Saturday, August 9, 2014

Hypervelocity Planets

At the centre of the Milky Way sits a supermassive black hole (SMBH) with a mass of around 4 million times the mass of the Sun. A close encounter of a binary star system with the SMBH can cause one star to be ejected as a hypervelocity star (HVS) with sufficient velocity to escape the gravitational pull of the Milky Way, while the other star becomes captured into an eccentric orbit around the SMBH. This is the most likely mechanism for the production of HVSs. The existence of HVSs was first theorised in 1988 and the first HVS was discovered in 2005. Several HVSs have been discovered since. Ordinary stars in the galaxy have velocities on the order of ~100 km/s, while HVSs have velocities on the order of ~1000 km/s.

A study by Ginsburg, Loeb & Wegner (2012) investigates what happens when a binary star system hosting a planetary system gets disrupted by the SMBH at the centre of the Milky Way. In particular, the study examines the generation of hypervelocity planets (HVPs). The possible outcomes from such an interaction are - a HVS, one or more HVPs, a HVS with one or more bound planets, a star left behind in an orbit around the SMBH with one or more bound planets, a planet collides into its host star, or one or more planets left behind in independent orbits around the SMBH (Figure 2 & 3).

Figure 1: Artist’s impression of a lone planet in the outskirts of a galaxy.

Figure 2: The panel illustrates the possible outcomes after a binary star system with 4 planets is disrupted by the SMBH at the Milky Way’s centre. After binary disruption a HVS is produced with two bound planets. The second star remains in a highly eccentric orbit around the SMBH. The second star’s planets are removed, and the first planet falls into a highly eccentric orbit close to the SMBH, while the second planet is ejected into a much larger, but also highly eccentric orbit around the SMBH. Ginsburg, Loeb & Wegner (2012).

Figure 3: The panel illustrates the possible outcomes after a binary star system with 4 planets is disrupted by the SMBH at the Milky Way’s centre. After binary disruption a HVS is produced with two bound planets. The second star remains in a highly eccentric orbit around the SMBH. The second star’s planets are both ejected as HVPs. Ginsburg, Loeb & Wegner (2012).

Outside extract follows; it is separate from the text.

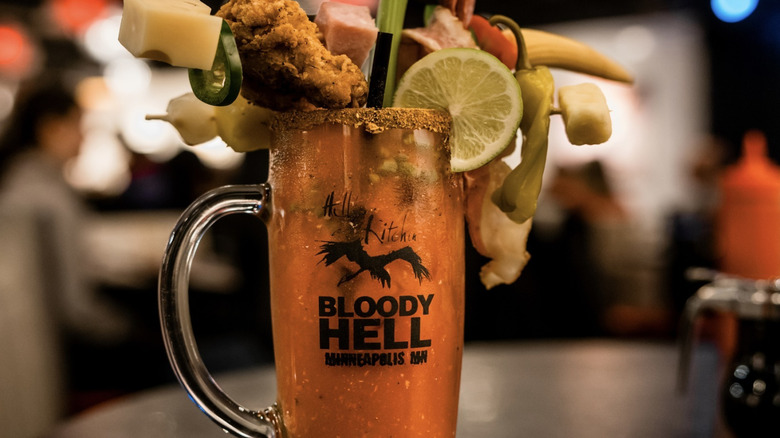 Bloody Mary in mug at Hell's Kitchen Mpls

The study draws on a few sets of simulations. One particular set of simulations involves binary star systems with two planets (i.e. one planet per star). 1000 simulation runs were performed in this set of simulations. The mass of each star is set at 3 times the Sun’s mass, comparable to the masses of the presently known HVSs. The initial separation between both stars in the binary star system is 0.2 AU, while the star-planet separation varies with uniform probability in the range 0.02 to 0.04 AU. The simulation runs show that the average HVS velocity is ~1500 km/s, while the average HVP velocity is ~3000 km/s (Figure 4). The velocities of HVPs are on average ~1.5 to 4 times the velocities of HVSs. Another set of simulation runs involving binary star systems with four planets (i.e. two planets per star) produce qualitatively similar results.

For a binary star system with two planets, the probability of producing a HVP is ~30 to 40 percent. For a binary star system with four planets, the probability increases to ~70 to 80 percent. The velocity distribution of HVPs reveals a small number of HVPs with exceptionally high velocities of ~10,000 km/s (Figure 4). These extreme outliers speed through space at a few percent the speed of light. A HVP travelling at a speed of 10,000 km/s would traverse a distance of one light year in just 30 years. An observer on such a planet can see the constellations change in a matter of years while the planet is travelling through the galaxy. As the planet speeds out of the galaxy, the Milky Way would appear as a receding disk of light. Such a planet is destined to travel through the immense intergalactic void separating galaxies and clusters of galaxies.

Figure 4: Velocity distribution of HVSs and HVPs. This sample comes from 1000 simulation runs involving a binary star system with two planets. Ginsburg, Loeb & Wegner (2012).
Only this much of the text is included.